When defining the forward model’s output sensors, more information must be provided. Each output sensor still requires a name attribute, which refers to specific experimental data the forward model’s output will be compared against. But it must also contain the definition of the global parameter, that describes the model error scatter in the considered output sensor. In the definition of the forward model above, the first output sensor of the forward model is defined as

Sensor("y1", x=0.0, std_model="sigma_1")

Here, the standard deviation of the model prediction error (std_model) is described by the global parameter sigma_1. Additionally, the output sensors are assigned a positional-attribute, here x, which is referred to in the response-method. Note that the only required argument for an output sensor is the name (here, y1) and the model error standard deviation parameter std_model.

The response method#

The forward model’s response method is its computing method. It describes how given parameters and inputs are processed to provide the forward model’s prediction in terms of the output sensors. The only input of this method is a dictionary inp which contains as keys all (local) parameter names, as well as all input sensor names as defined in the self.parameters- self.input_sensors-attribute in the interface-method. In the example given above, those keys are be "time", "a", "b", "offset". The values to those keys are either parameter constants, experimental data or - in the case of latent parameters - values chosen by the used solver during the inference step.

The computed result of the forward model must be put into a dictionary when returned.
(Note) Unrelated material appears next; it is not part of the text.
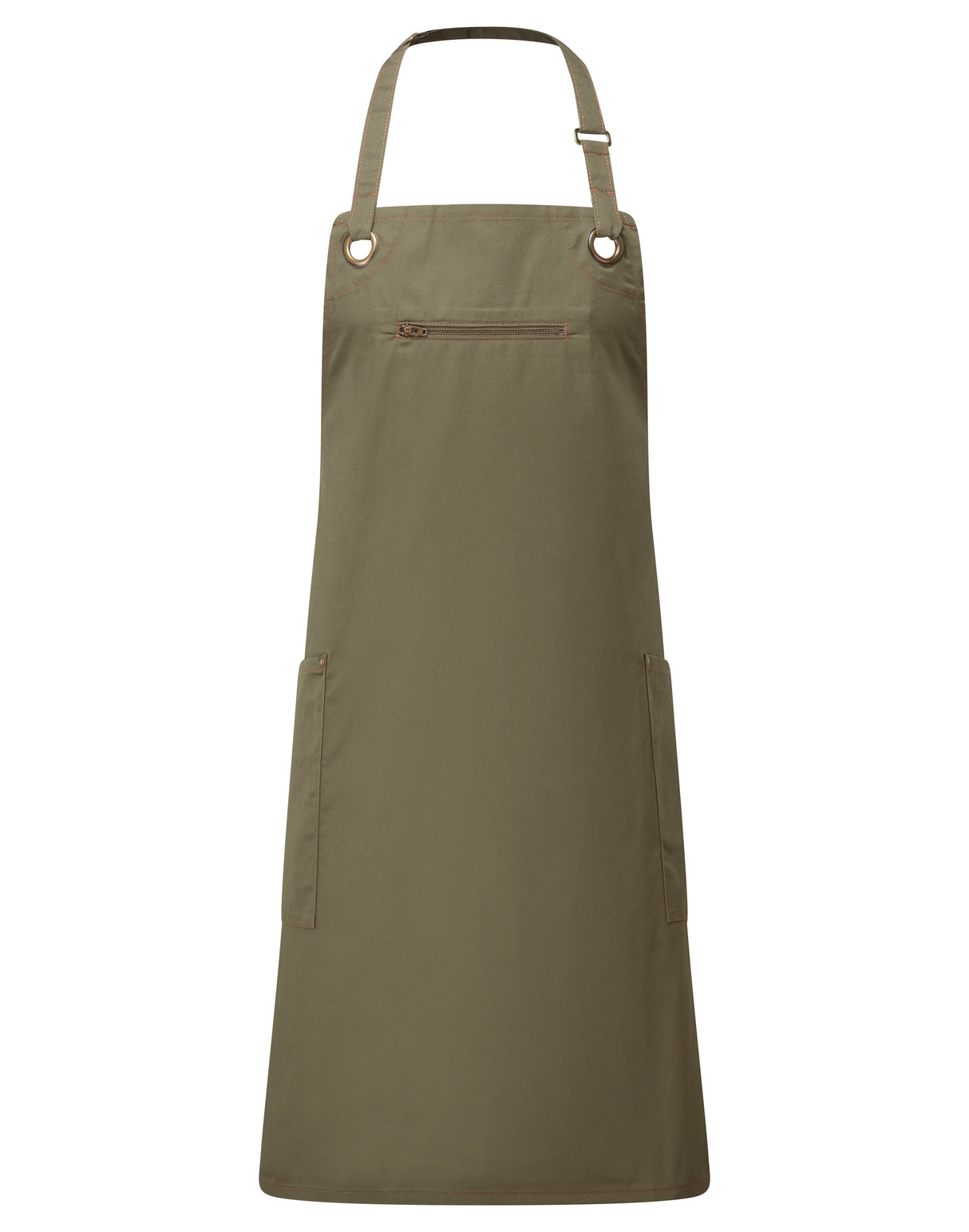 Premier Barley Contrast Stitch Bib Apron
The keys of this dictionary must be the names of the forward model’s output sensors as defined in the interface-method.

Likelihood models#

The last component to be added to an inverse problem is the likelihood model (or several likelihood models). The likelihood model’s purpose is to compute the likelihood (more precisely the log-likelihood) of a given choice of parameter values by comparing the forward model’s predictions (using the given parameter values) with the experimental data. In this section, only likelihood models are considered that do not account for correlations. In such a framework, the addition of a likelihood model to the inverse problem (referring to the examples shown above) could look like this:

problem.add_likelihood_model(
    GaussianLikelihoodModel(
        experiment_name="TestSeries_Aug12_2018",
        model_error="additive",
    )
)

The interface is fairly simple. The experiment_name argument states the name of the experiment this likelihood model refers to. Note that each likelihood model refers to exactly one experiment. Hence, when several experiments are defined, the same number of likelihood models is required. The model_error can be defined as "additive" or "multiplicative", depending on the requested error model.